Pour dompter des pensées parfois trop envahissantes, pour s’enivrer et se laisser aller, pourquoi ne pas danser sous ces boules accueillantes et festives ?
Ce détournement des molécules rappelle l’intérêt de l’artiste pour la question des addictions, de la dépendance et de toutes les petites béquilles qui nous permettent de traverser la vie – thématique très présente dans le travail de Jeanne Susplugas.
« C’est le début d’une fête qui grince comme dans (…) les étranges sculptures de Jeanne Susplugas, où cohabitent boules à facettes géantes, brillance fade des néons, et spectre de la sur-médicamentation d’une société au bord du burn out. »
Arnaud Idelon in Vice, Janvier 2020.
Yves Michaud, Œuvres complètes.
30 mars 28. (tous ces chapitres sont annotés comme ça)

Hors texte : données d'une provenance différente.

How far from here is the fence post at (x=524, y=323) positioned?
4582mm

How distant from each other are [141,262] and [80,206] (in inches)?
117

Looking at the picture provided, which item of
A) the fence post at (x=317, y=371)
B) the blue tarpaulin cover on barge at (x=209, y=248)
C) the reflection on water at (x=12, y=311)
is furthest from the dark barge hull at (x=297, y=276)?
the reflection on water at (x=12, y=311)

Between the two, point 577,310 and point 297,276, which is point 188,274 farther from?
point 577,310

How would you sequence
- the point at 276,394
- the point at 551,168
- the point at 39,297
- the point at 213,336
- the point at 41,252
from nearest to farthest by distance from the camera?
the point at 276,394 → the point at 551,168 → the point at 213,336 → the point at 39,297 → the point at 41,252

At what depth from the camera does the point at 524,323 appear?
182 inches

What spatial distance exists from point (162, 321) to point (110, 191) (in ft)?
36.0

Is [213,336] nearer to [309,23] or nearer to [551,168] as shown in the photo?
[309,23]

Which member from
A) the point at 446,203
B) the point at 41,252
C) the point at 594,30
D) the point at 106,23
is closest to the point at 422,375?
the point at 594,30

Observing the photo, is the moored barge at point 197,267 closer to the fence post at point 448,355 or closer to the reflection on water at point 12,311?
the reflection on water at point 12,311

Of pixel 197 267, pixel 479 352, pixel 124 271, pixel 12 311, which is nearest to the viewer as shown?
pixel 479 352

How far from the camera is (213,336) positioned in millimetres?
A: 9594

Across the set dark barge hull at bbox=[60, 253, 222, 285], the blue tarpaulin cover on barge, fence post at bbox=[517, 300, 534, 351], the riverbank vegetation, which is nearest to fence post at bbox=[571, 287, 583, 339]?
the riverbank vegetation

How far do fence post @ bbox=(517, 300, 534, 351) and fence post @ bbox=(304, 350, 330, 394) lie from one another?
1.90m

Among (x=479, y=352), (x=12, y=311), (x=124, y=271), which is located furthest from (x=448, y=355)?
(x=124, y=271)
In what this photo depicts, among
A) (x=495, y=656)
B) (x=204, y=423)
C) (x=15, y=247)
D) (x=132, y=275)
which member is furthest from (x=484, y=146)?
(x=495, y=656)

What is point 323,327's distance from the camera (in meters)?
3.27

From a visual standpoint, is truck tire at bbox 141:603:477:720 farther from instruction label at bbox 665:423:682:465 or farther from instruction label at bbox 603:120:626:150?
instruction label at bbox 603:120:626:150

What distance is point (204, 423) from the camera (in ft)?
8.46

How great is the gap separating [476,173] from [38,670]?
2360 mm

La nuit passée, j’ai pris de l’éther. Quelle projection ! Et quelle grandeur !
L’éther arrive à toute vitesse. En même temps qu’il approche, il agrandit et démesure son homme, son homme qui est moi, et dans l’Espace le prolonge et le prolonge sans avarice, sans comparaison aucune. L’éther arrive à une vitesse de train, par sa route de bonds, d’enjambements : escalier à marches de falaises.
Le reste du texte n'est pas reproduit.